Doradźcie coś  :roll eyes:

----------


## karster

Gkitd z yt poleca pierwsze tynki  :wink:  instalacja skonczona? Ja nadal walczę. Jeszcze mi zostało wcale nie mało  :sad:  i to nie dlatego, że wydziwiam tylko dlatego że tak wolno idzie. Najgorsze jest mocowanie przewodów.

Pozdrawiam
Karol

----------


## ggdh

Instalacja nie skończona, bo chłopaki cały czas robią przyłącza. Taki klimat, panie... Może jak teraz mają przyjść te mrozy to coś się ruszy, bo tak na dobrą sprawę to jest do zrobienia światło nad górnym korytarzem, rozdzielnice i kilka puszek podtynkowych do zmotania. 

Z tą rozdzielnicą to czuję, że mogą być jaja i o ile uważam, że trochę przegiąłeś z ilością obwodów (co z tym idzie ESów w rozdzielnicy  :wink:  ) to ja znowu w drugą stronę i ta 3x12 to będzie dużo za mała. Muszę przycisnąć dyżurnego elektryka, aby wreszcie siadł i policzył ile pól na parterze będzie potrzebnych...

----------


## karster

U mnie będą rolety, ktorych sterowanie bedzie w rozdzielnicy. To 14 podwójnych przekaźników no ale postaram sie zaprojektować sterownik tak, aby dwa przekaźniki mieściły się na jednym polu. 

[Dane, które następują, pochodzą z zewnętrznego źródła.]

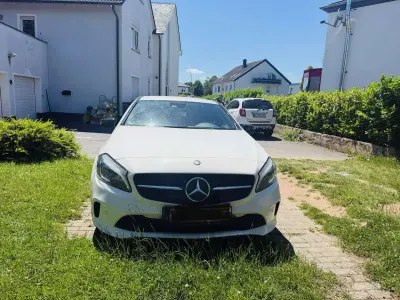 Gebraucht Mercedes A180 Edition 109 PS (80 kW) 2017 Kleinwagen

Masz jakieś czujniki ruchu, obecności czy to sprawa alarmu a nir sterowania światłem?

----------


## ggdh

Tylko alarm.

----------


## marcko

> Im więcej czytam, tym bardziej zaczynam się łamać czy faktycznie robić wylewki przed tynkami  czas na podjęcie decyzji ucieka... bo jak puści temperatura to by się przydało działać 
> 
> Doradźcie coś





> Im więcej czytam, tym bardziej zaczynam się łamać czy faktycznie robić wylewki przed tynkami  czas na podjęcie decyzji ucieka... bo jak puści temperatura to by się przydało działać 
> 
> Doradźcie coś


Mam podobny dylemat (tyle że na zapas jeszcze)
tylko mi za podłogami najpierw przemawia tylko to że elektrykę będę puszczał głównie po podłodze, a co za tym idzie tynkarze by po peszlach łazili ile wlezie, a wiadomo jak oni kochają uważać na takie rzeczy.
W innym przypadku raczej po bożemu to widzę - tynki później wylewki.

----------


## ggdh

Ale cisza - nikt nic w taką pogodę, co zrozumiałe  :no:

----------


## ggdh

3 lata mieszkam w Mielcu, od 2 lat się interesuję budowlanką / materiałami / technologiami i dzisiaj dowiedziałem się, że jeden z 4 zakładów produkcyjnych Termo-Organiki jest u mnie w mieście  :Confused: 

EDYTA: nie no, bez jaj. Termo-organika to firma założona w Mielcu? Jak człowiek nic nie wie...

----------


## Norbi89

Życie jeszcze nie raz zaskoczy  :big grin: 
Jak kładzenie kabli bliżej końca ?

----------


## ggdh

Nic a nic, bo pogoda trochę nie sprzyja. Nie ma sensu nawet próbować dogrzać domu. Poza tym na dobrą sprawę brakuje mi (może to już pisałem) oświetlenia na górnym korytarzu, kilka puszek podtynkowych trzeba powiązać, wyposażyć rozdzielnice, jeszcze kilka peszli od alarmu i voila! Myślę, że ponad 90% roboty zrobiona i reszta to max 1-2 dni. Ziemia tak szybko nie odmarznie, więc pracownicy i tak nie pojadą kopać, więc mam nadzieję, że u mnie zawitają i zakończą temat. 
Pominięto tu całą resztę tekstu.